An Israeli government spokesman rejected Palestinian criticism of the housing announcement, saying every peace initiative so far had proposed that the settlements in question become Israeli territory.

The Palestinians have previously agreed in principle to minor land swaps.

About 500,000 Jews live in more than 100 settlements built since Israel's 1967 occupation of the West Bank and East Jerusalem. The settlements are considered illegal under international law, though Israel disputes this.

Protest

On Sunday evening, a statement from the office of Israeli Prime Minister Benjamin Netanyahu announced that 26 prisoners would be released.

It said they would be freed at least 48 hours after their names were published by the Israeli Prison Service.

The list was made public early on Monday, once the families of their victims had been informed.

Relatives of the Palestinian prisoners due to be freed have reacted enthusiastically to this news. In Bethlehem, Nayef Asakreh's brother, Khaled, is due home after 22 years in an Israeli jail. "I feel good but I wish my parents were still alive to welcome him," he says. The Palestinian Prisoner Affairs Minister Issa Qaraqeh said the release was an "important achievement".

Yet Palestinian media have been quick to criticise the prisoner list, with Maan news agency suggesting it shows "bad faith" on the part of the Israeli government. Journalists point out that few of these names are well-known and that many of the prisoners were due to complete their sentences relatively soon.

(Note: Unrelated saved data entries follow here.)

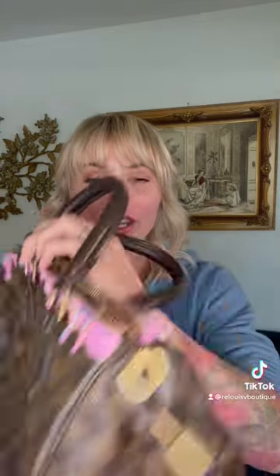I also added fake sprinkles on there to make it extra cute. I added these D-rings on the side to make it a crossbody bag, because I love a crossbody bag, and the Speedy 30 especially and the 25 were great for crossbody bags.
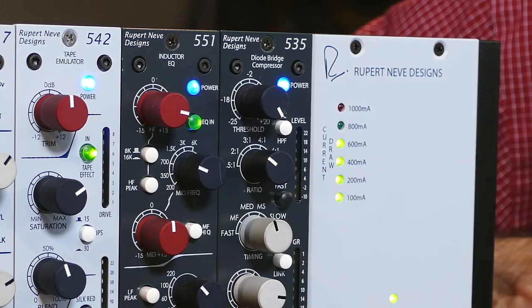If you want to make sure low frequencies aren't dominating the amount of compression you're receiving, engage the sidechain high pass filter. This doesn't cut away any low frequencies from the actual signal chain, but it does make sure that low frequencies aren't triggering as much compression. Now it's time to record with your new 535 diode bridge compressor. If you want to learn about some of the other cool gear we make or have any questions, please go to rupertneve.com.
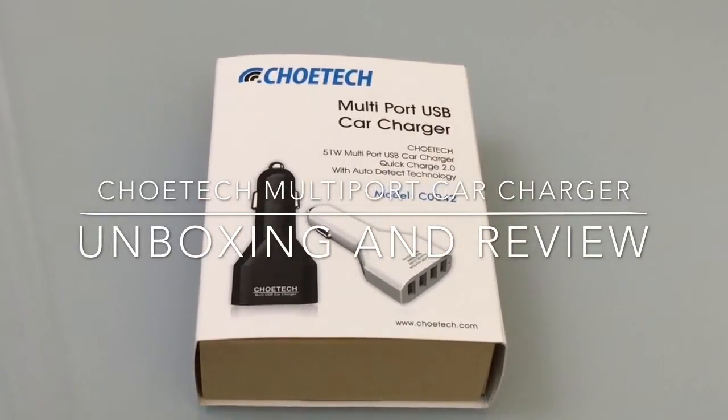Hi guys, this is EBP Man with Tablets for Me, and today we're going to do an unboxing and review of a multi-port car charger for all your electronic devices. This charger is brought to us by Chotec.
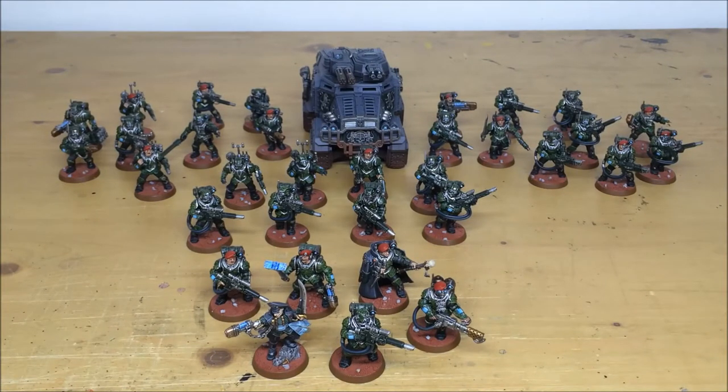Hi guys, hope you're all well and welcome to this commission completion video. In front of you you can see a Scion Force. It's been completed by Simon, the artist here at Siege. These models are painted in the 99th Deltic Gorgons color scheme from the Militarum Tempestus Scions codex. It's quite a detailed color scheme — it's a camouflage pattern with a dark and light green color when it comes to the camouflage, as we'll see as we bring the models forward.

This makes it difficult for the Palestinian President Mahmoud Abbas to build political capital out of this release. Although he plans an event at his Moqataa headquarters in Ramallah, the number of former detainees will look small after at least 14 are sent to the Gaza Strip. Celebrations could be further muted if Israel releases the prisoners as soon as it legally can - 48 hours after publishing the list. That would see the inmates heading home very early on Wednesday.

Fourteen of the prisoners will be returned to the Gaza Strip and 12 to the West Bank. Eight were already due to be released in the next three years, two of them in the next six months.

Palestinian officials said that 20 of them belonged to President Mahmoud Abbas's Fatah movement while the others were from rival groups including Hamas and Islamic Jihad.

The decision was made after a meeting chaired by Defence Minister Moshe Yaalon and including Justice Minister Tzipi Livni and Science Minister Yaakov Perry, as well as the heads of the Israeli Prison Service and the Shin Bet security service.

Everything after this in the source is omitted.